WHAT YOU NEED TO DO >> Beginning at the line containing "2X Tray Back", give again every line through the end of the data, unchanged and with both ends included. Drop any pictures.

BEGIN

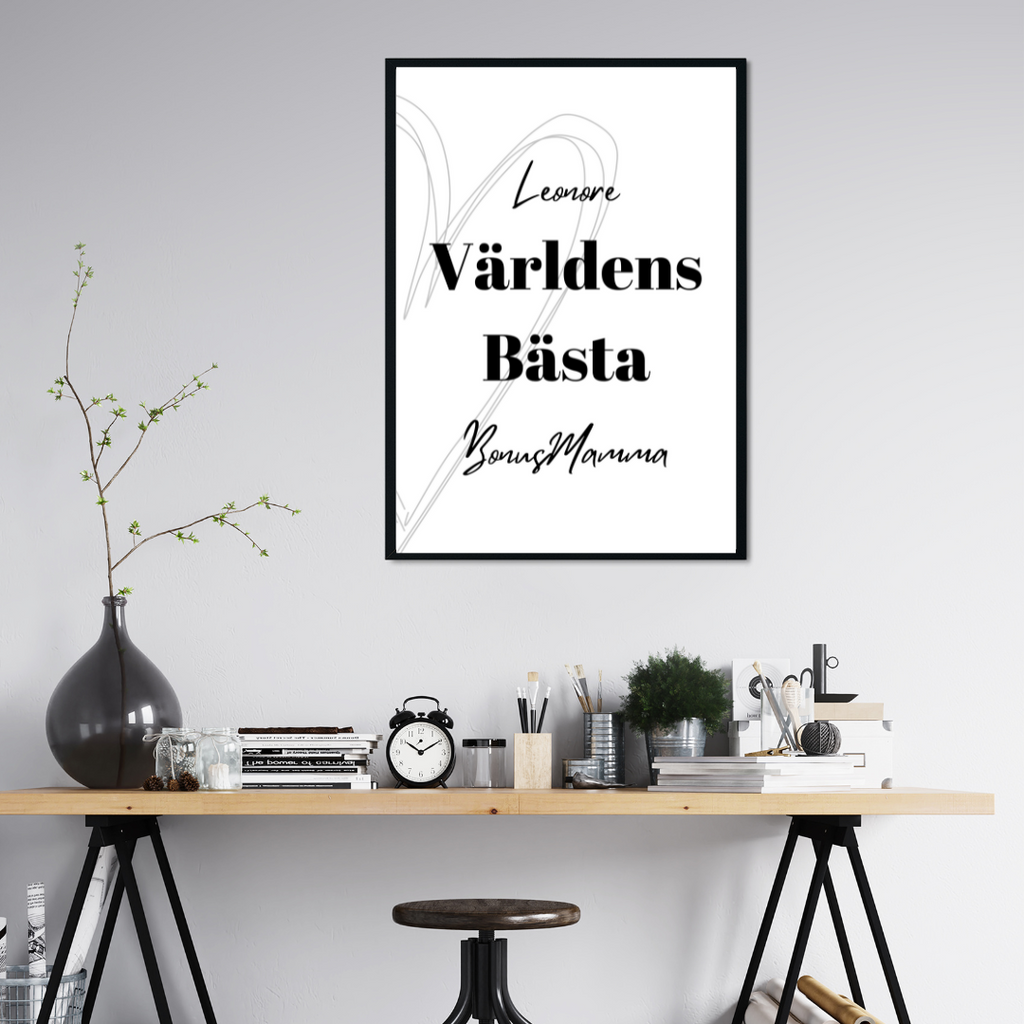 Världens bästa bonusmamma - med namn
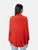Johnston of Elgin Orange Cashmere Knit Sweater
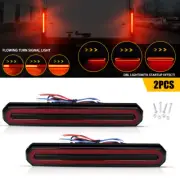 2X Tray Back Ute Tail Lights 87 LED Flowing Turn Signal Truck Trailer Rear Stop (for: BMW)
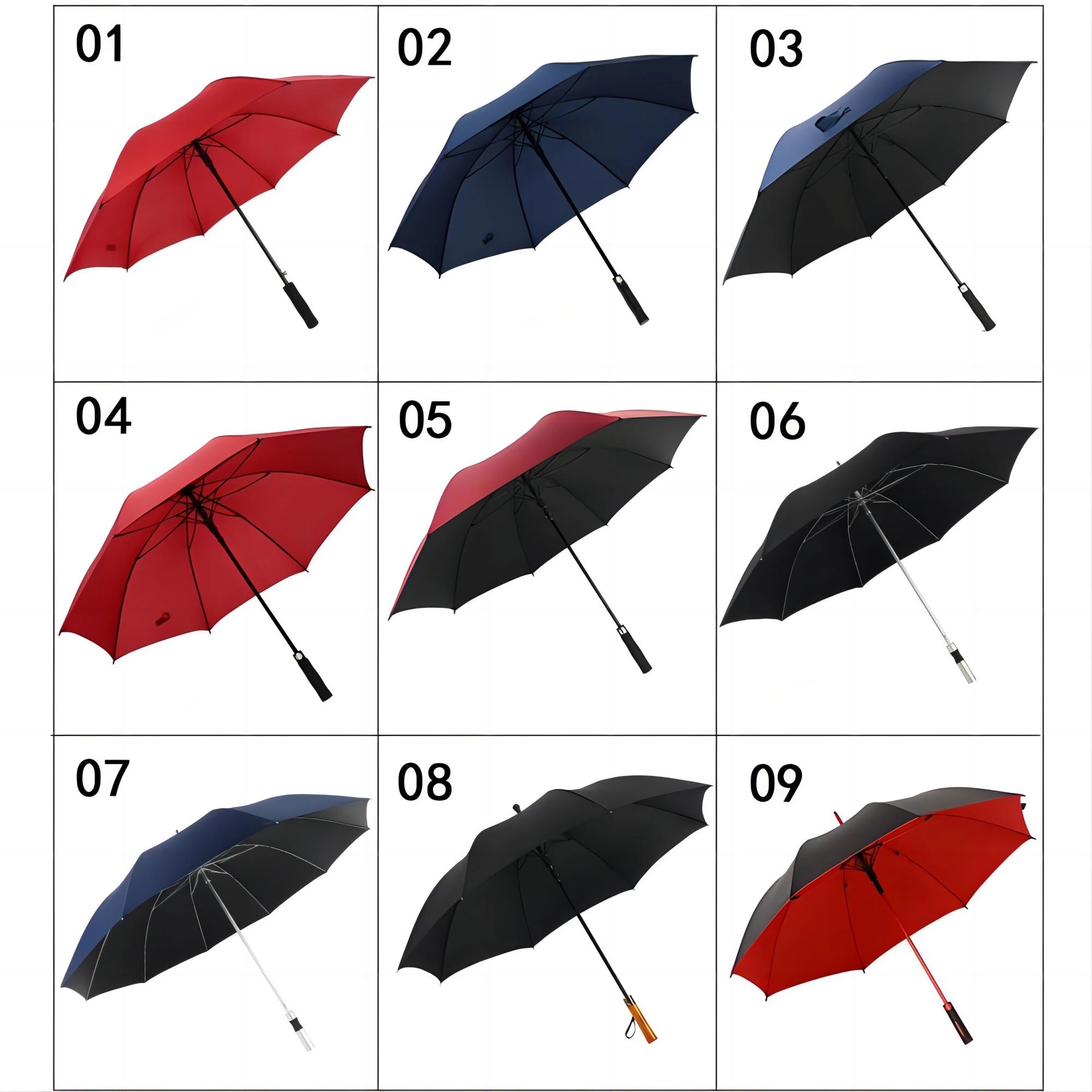 Golf Umbrella 55 Inches MOQ 50PCS 4
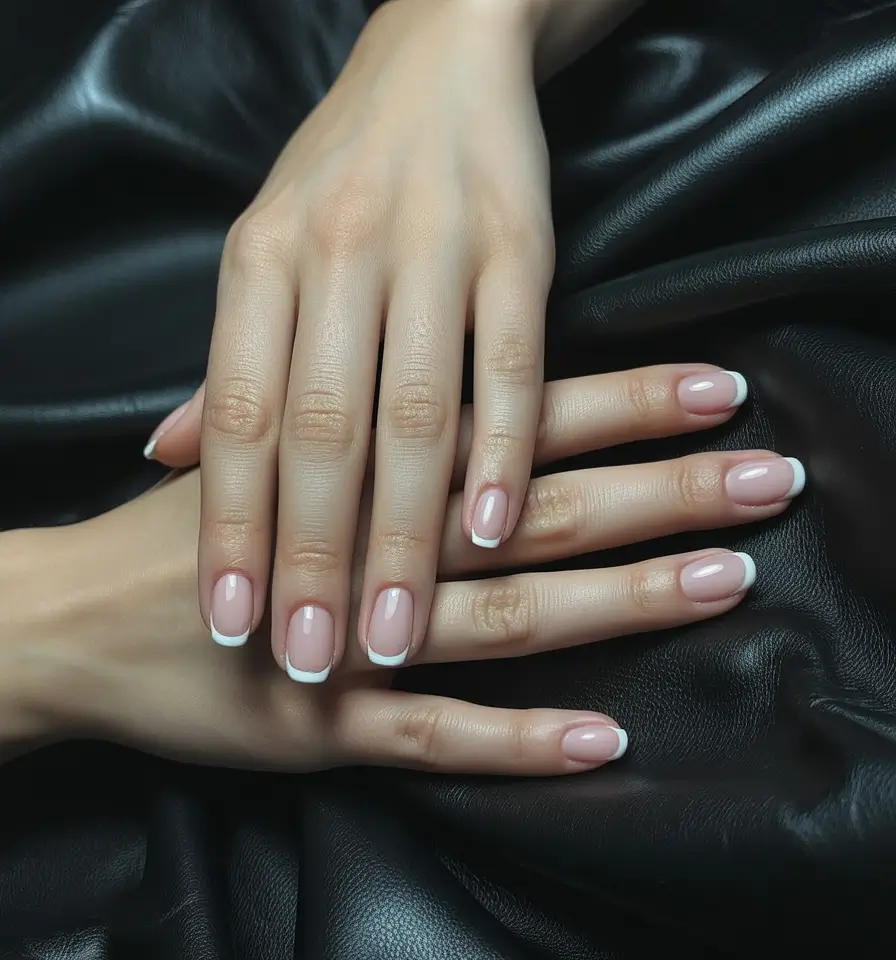 Fall Nail Color Ideas for Women Over 40 Classic French With That Clean-Girl Polish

END

WRITTEN RESPONSE >>
 2X Tray Back Ute Tail Lights 87 LED Flowing Turn Signal Truck Trailer Rear Stop (for: BMW)
 Golf Umbrella 55 Inches MOQ 50PCS 4
 Fall Nail Color Ideas for Women Over 40 Classic French With That Clean-Girl Polish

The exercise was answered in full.